To explore the potential effect of ADGRG2 in HCC, 881 DEGs were identified, of which 615 were up-regulated and 266 down-regulated (Figure 3A). The findings of the gene set enrichment analyses (GSEA) indicated that ADGRG2-related DEGs were involved in the positive regulation of pathways in cancer (JAK-STAT, MAPK, and Calcium signaling pathway), cell adhesion molecules cams, cytokine–cytokine receptor interaction, and the negative regulation of oxidative phosphorylation (Figure 3B). Furthermore, 84 hub DEGs were filtered from the PPI network of ADGRG2-related DEGs via STRING (Figure 3C). The GO enrichment results suggested that these hub DEGs were predominantly linked with protein glycosylation, stimulatory C-type lectin receptor signaling pathway, Golgi lumen, and iron ion binding (Figure 3D). The KEGG pathway analysis indicated that the enrichment terms of these hub DEGs mainly participated in the cAMP signaling pathway, IL-17 signaling pathway, and Calcium signaling pathway (Figure 3E). These findings indicated that the ADGRG2 may be a tumorigenesis- and immune-related factor in HCC.

2.4. Knockdown of ADGRG2 Inhibited the Proliferation and Migration of HCC Cells

To further determine the possible biological function of ADGRG2 in HCC, we transfected ADGRG2-specific siRNAs into Huh7 and HepG2 cells and found that ADGRG2 was successfully down-regulated in mRNA and protein levels, respectively (Figure 4A,B). CCK-8 and the wound healing assays showed that the growth and migration of Huh7 and HepG2 cells were inhibited after silencing of ADGRG2 (Figure 4C–E).

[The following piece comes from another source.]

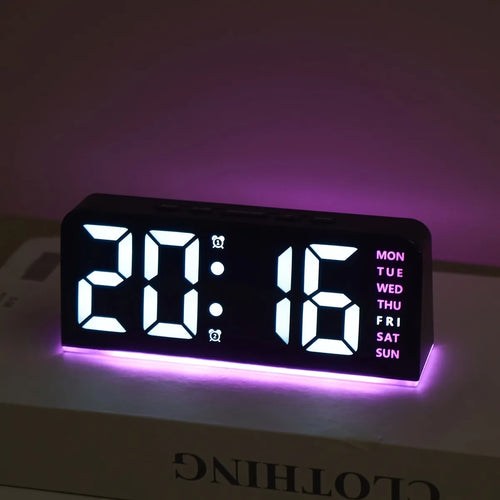 LED Digital Alarm Clock with RGB Atmosphere Light — USB Powered, Dual Alarm, Adjustable Brightness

2.5. Associations between ADGRG2 and Neutrophil Infiltration in HCC

As ADGRG2-associated genes were strongly enriched in immune-related signaling pathways, we further explore the connection between ADGRG2 and tumor immunity. The ssGSEA calculation results indicated that ADGRG2 expression had a significantly positive correlation with aDC (r = 0.172, p < 0.001), macrophages (r = 0.158, p = 0.002), neutrophils (r = 0.111, p = 0.032), and multiple types of T cells, including Tgd (r = 0.195, p < 0.001), Th2 cells (r = 0.180, p < 0.001), Th1 cells (r = 0.112, p = 0.031), and TFH (r = 0.104, p = 0.043) (Figure 5A). Tgd, Th2 cells, aDC, macrophages, and neutrophils were markedly concentrated in the ADGRG2 high-expression group (Figure 5B). Notably, ADGRG2 was dramatically correlated with neutrophils according to five algorithms in HCC (Figure 5C), and most markers in neutrophils were connected with tumor-associated neutrophils (TAN) and inflammation (

Table 2. Association of ADGRG2 expression with neutrophil markers in HCC.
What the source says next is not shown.